Young faults discussions on social justice for ignoring disability as a politics of positional difference. She argues that physical and/or mental impairment is so widespread that it is wrong to treat it as an uncommon condition: "I suggest that we can learn much about social justice generally as concerning issues of structural inequality, normalisation, and stigmatisation, if we decide to make disability paradigmatic of structural injustice, instead of considering it exceptional" (Young 2007, in Appiah et al. 2007, 85). Young highlights the arguments around "merit" that require levels of excellence and forms of demeanour for people to qualify. This argument at most supports the needs of the "disabled" and counts them unable to make a significant contribution to production.
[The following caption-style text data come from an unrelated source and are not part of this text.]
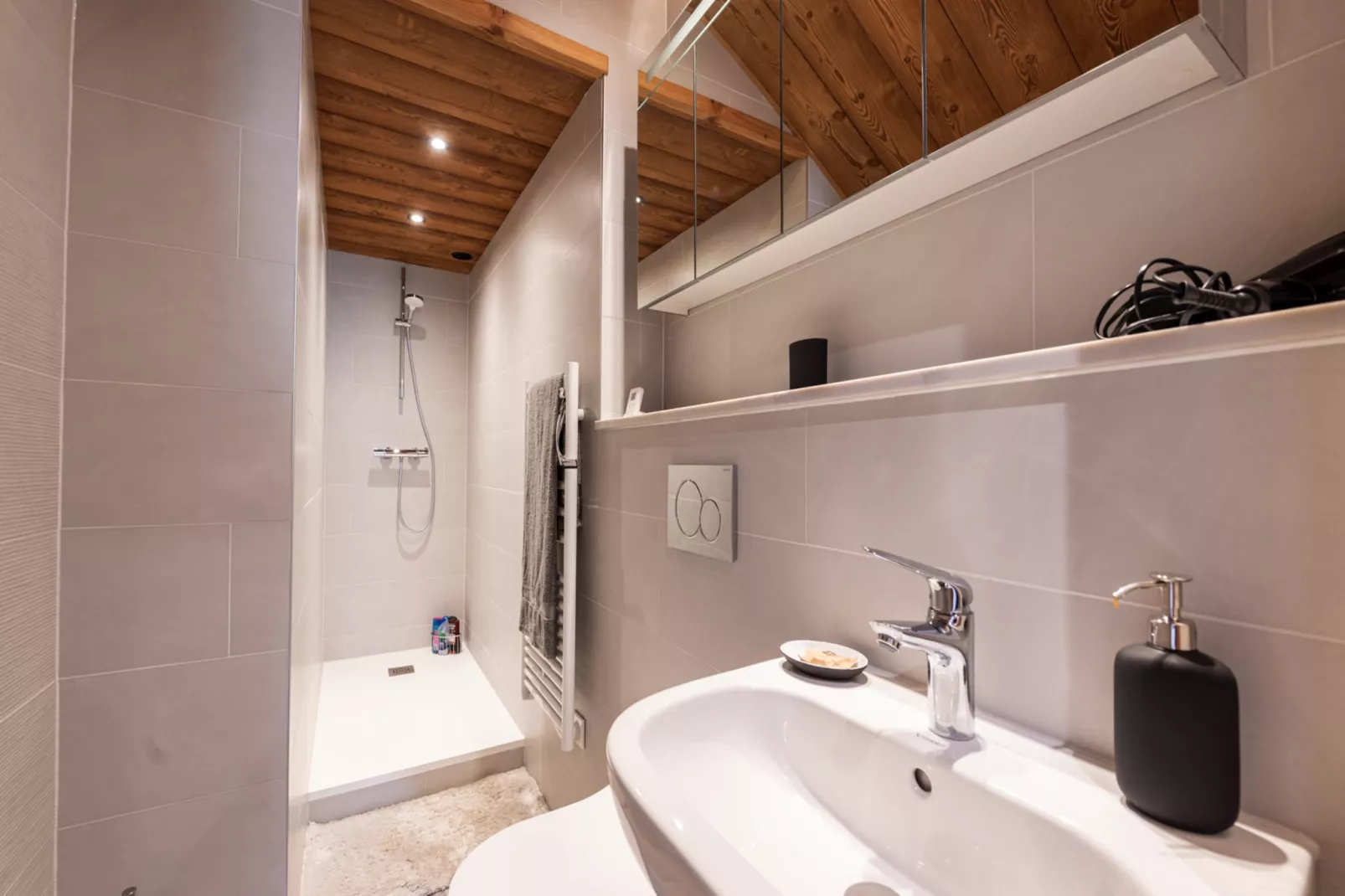 Les Bouquetins N°9 - 4P6-Salle de bain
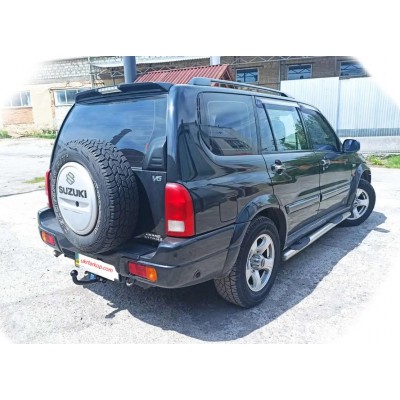 Фаркоп Suzuki Grand Vitara XL-7, Фаркоп Сузукі Гранд Вітара XL7 (2001-2006) 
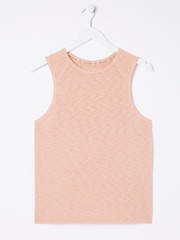 FatFace Ione Pink Vest - Image 4 of 4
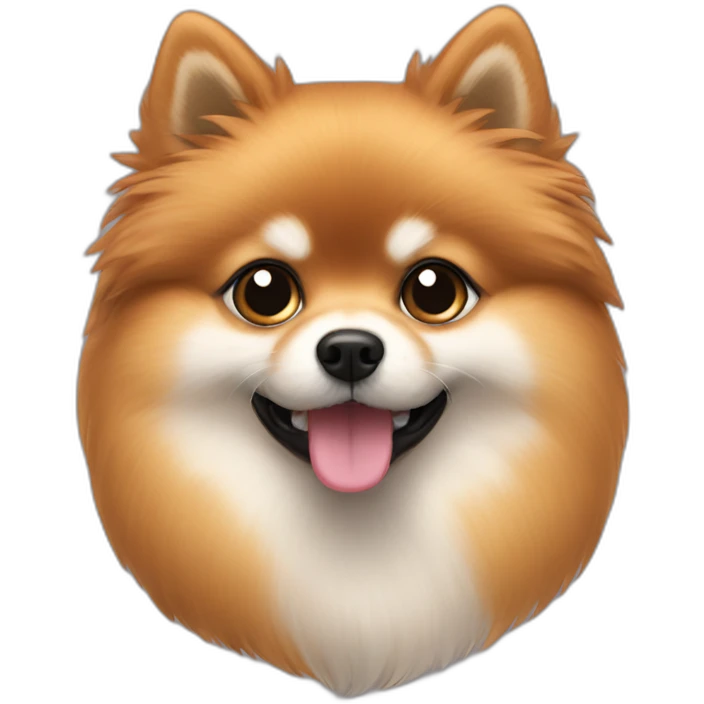 pomeraniann emoji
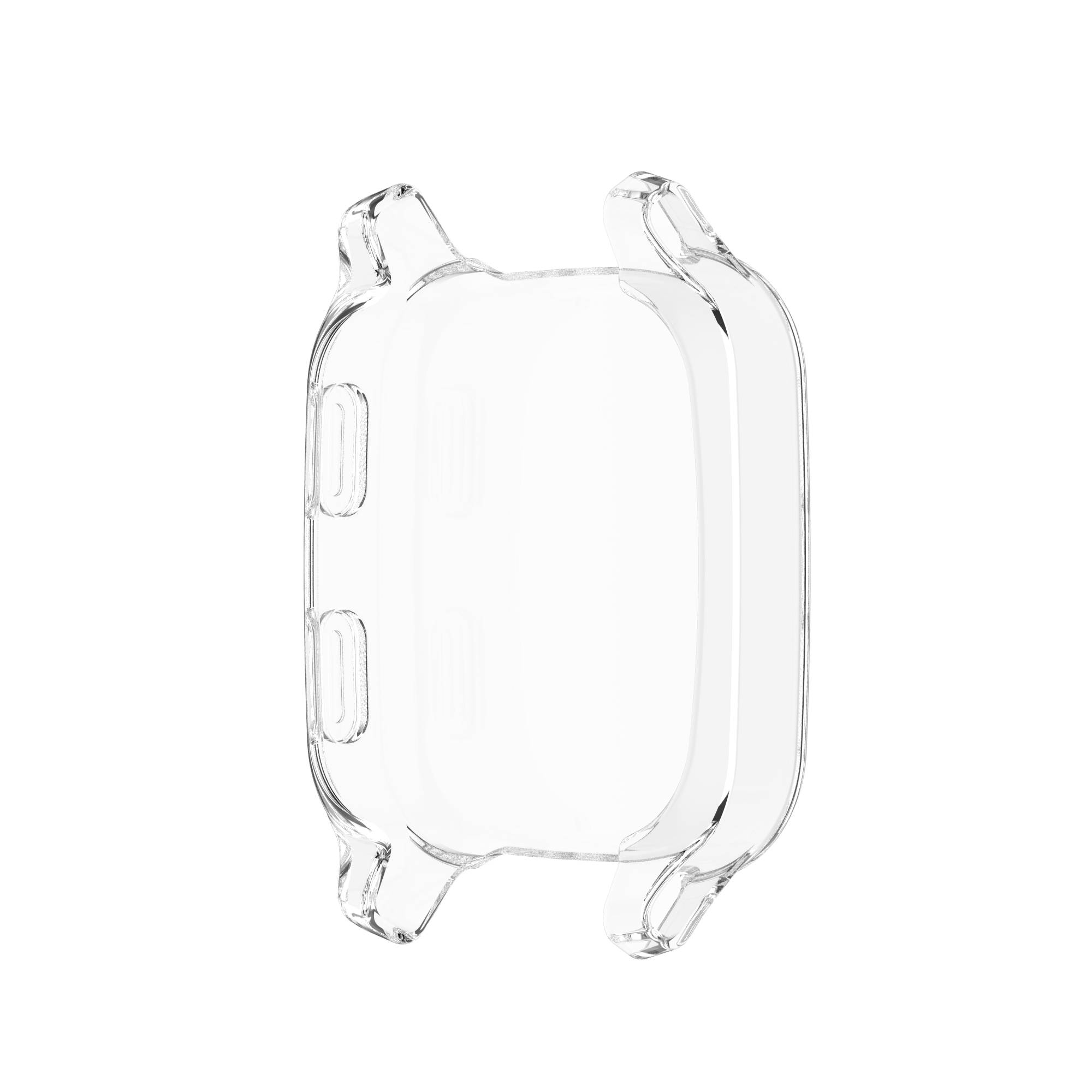 Schützende TPU-Hülle für die Garmin Venu-Serie Transparent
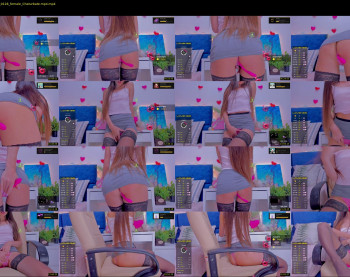 sooofffiyyaaa — 37 minute Chaturbate female cam show recording, 1080p, May 30, 2022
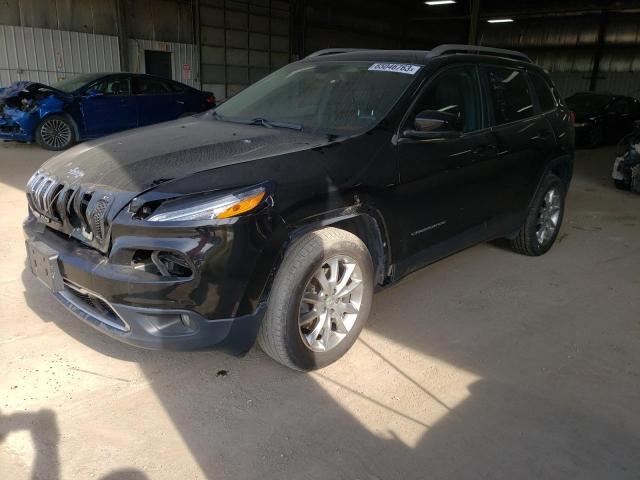 JEEP CHEROKEE L 2017 with VIN 1C4PJMDS9HD223768 - Photo from auction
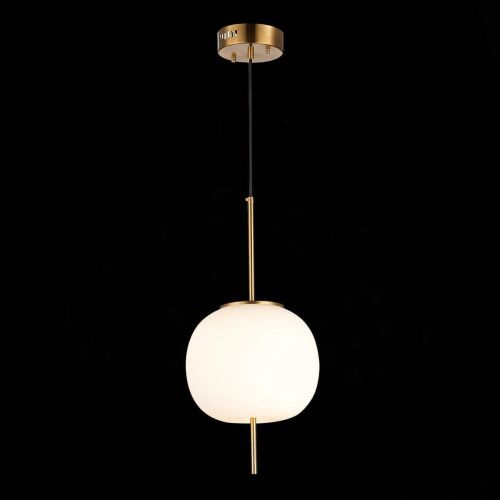 Подвесной светодиодный светильник ST Luce Lacus SL1621.203.01  фото 3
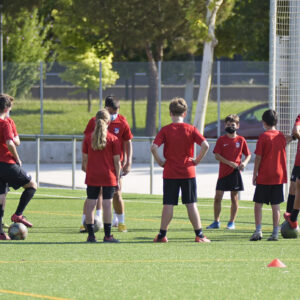 Campus Academia Atlético de Madrid – Melilla – 26 al 30 de Diciembre de 2022 – Curso de formación y perfeccionamiento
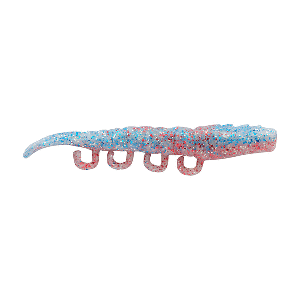 BERKLEY GULP! SALTWATER TURBO SHRIMP, 3", AMERICA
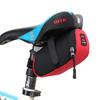 Bike Saddle Bag Rear Seat Pouch Universal Cycling Tool Storage Bag for Mountain/Road Bicycles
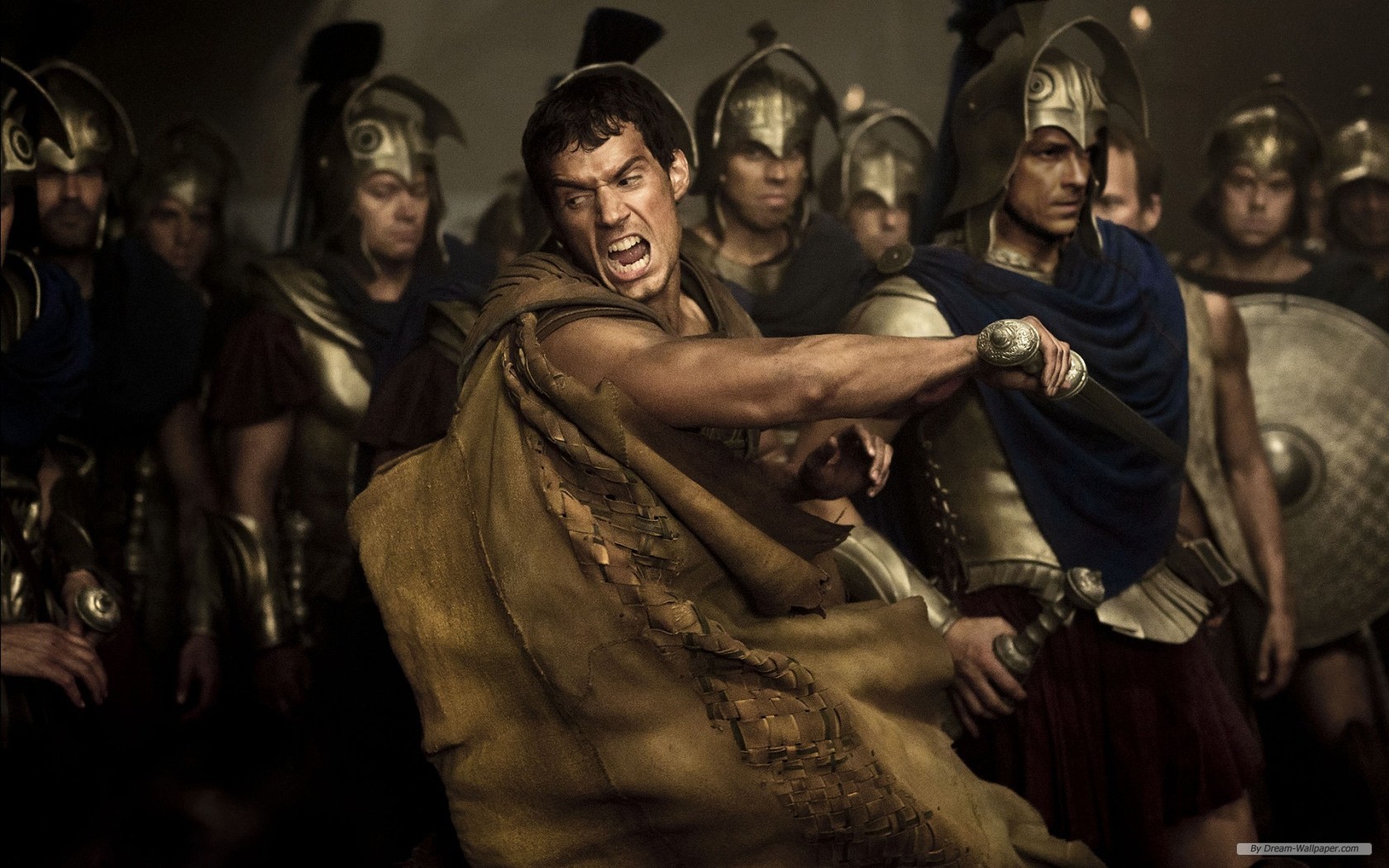 Free Movie Wallpaper - Hollywood Greek Gods Movies - HD Wallpaper 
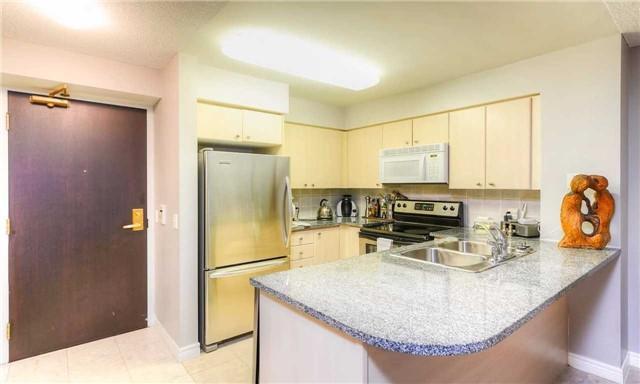 501 - 30 Grand Trunk Cres, Condo with 1 bedrooms, 1 bathrooms and null parking in Toronto ON | Image 10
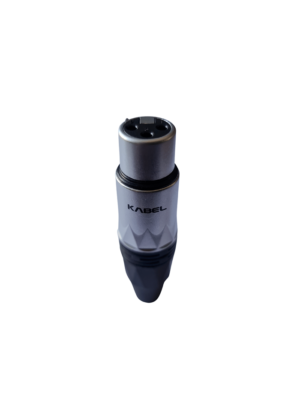 KABEL KM-XLR 14G, Conector XLR hembra volante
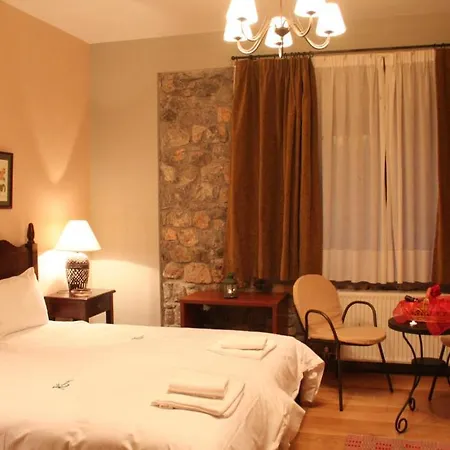 Karyatis Synikia Mesi Trikalon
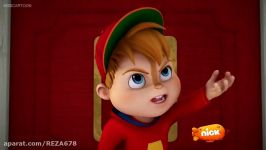 Alvinnn and Chipmunks Season 2 2A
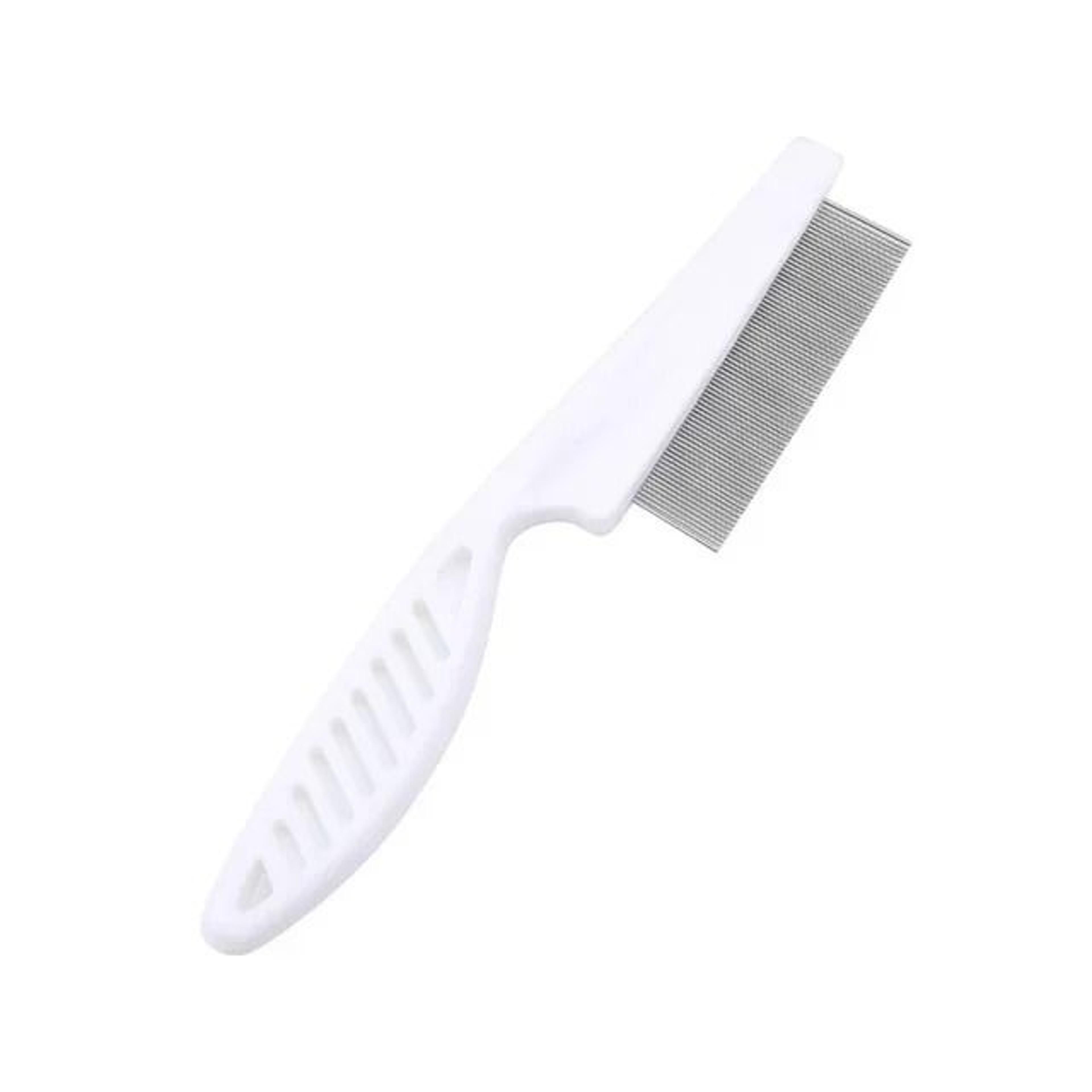 Stainless Steel Pet Flea Comb Hair Shedding Grooming Tool For Cats And Dogs 1
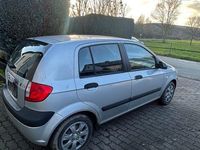 Gebraucht Hyundai Getz 67 PS (49 kW) 2006 Silber Kleinwagen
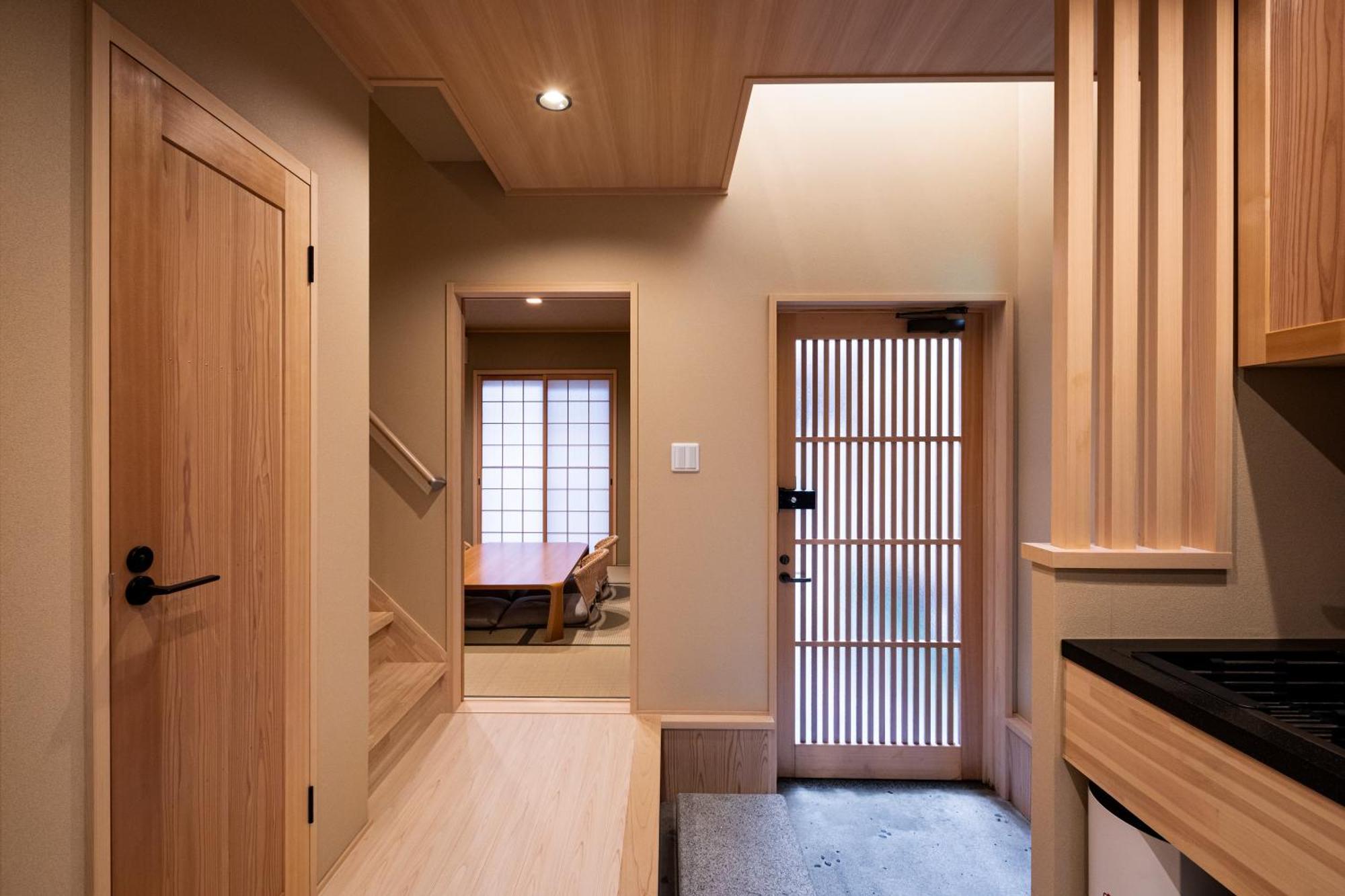 Rinn Tsukinowa Kyoto Exterior foto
Young concurs, rather, with the disability rights movement that the "lack of fit" between the abilities of some people and the dominant structures, practices and norms in society, is the critical issue. There are hegemonic standards that position some people to be limited in experience and aspiration: "Many people with disabilities unfairly suffer limitation to their opportunities for developing capacities, earning a living through satisfying work, having a rewarding social life, and living as autonomous adults" (Young 2007, in Appiah et al. 2007, 87). The crux of the matter is that an approach that is blind to difference cannot respond adequately to this structural positioning. Young proposes an inspiring intervention that starts by noticing the differences and ceasing to regard the disabled as deviating from the norm, but rather to accommodate their specific capacities.

The second example of positional difference that Young addresses is the issue of racial inequality. She defines racism as the structural processes that identify a particular body aesthetic as the normal, determining that certain undesirable forms of work are appropriate for certain groups, enabling the continuing segregation of racialised groups and labelling the habitual behaviour patterns of these segregated groups to be aberrant. Young's definition encapsulates cultural, spatial, economic and behavioural elements. She further contends that racial categorisation employs a black/white dichotomy organised hierarchically. It also generates stigmatisation of body types. Young observes that these racialised processes are globally at work, including in the USA and Europe: "A similar process of racialisation has occurred in Europe, which positions persons of Turkish, North African, South Asian, sub-Saharan African, and Middle Eastern origin as Other, and tends to restrict them to lower status positions in the social division of labour" (Young 2007, in Appiah et al. 2007, 90).

Young makes a third example of the politics of difference by analysing the generation of gender inequality. She notes how the political struggle for women's rights often endeavours to have women recognised as the "same" as men with respect to autonomy. Feminist politics of positional difference rather requires that the structural processes that position women and men differently, be recognised: "On this account, gender injustice also involves processes of structuring the social division of labour and the fit or lack of fit of bodies and modes of life with hegemonic norms" (Young 2007, in Appiah et al. 2007, 92). Young characterises this lack of fit between women's experience and social structure as follows: "Basic structures of gender comportment, assumptions that the normal body is implicitly male, the structures of heterosexual expectations, and the sexual division of labour nevertheless continue structurally to afford men more privilege and opportunity for access to resources, positions of power and authority, or the ability to pursue their own life plans" (Young 2007, in Appiah et al. 2007, 92). Young proposes at least three issues to be addressed: public institutions must accommodate the bodily specificity of women, enabling them to be women and excel in those institutions; the presence of womanliness, including their sexuality must be acknowledged without requiring of women to present themselves like men; the social division of labour that burdens women with most of the unpaid care work and domestic responsibilities, needs to change.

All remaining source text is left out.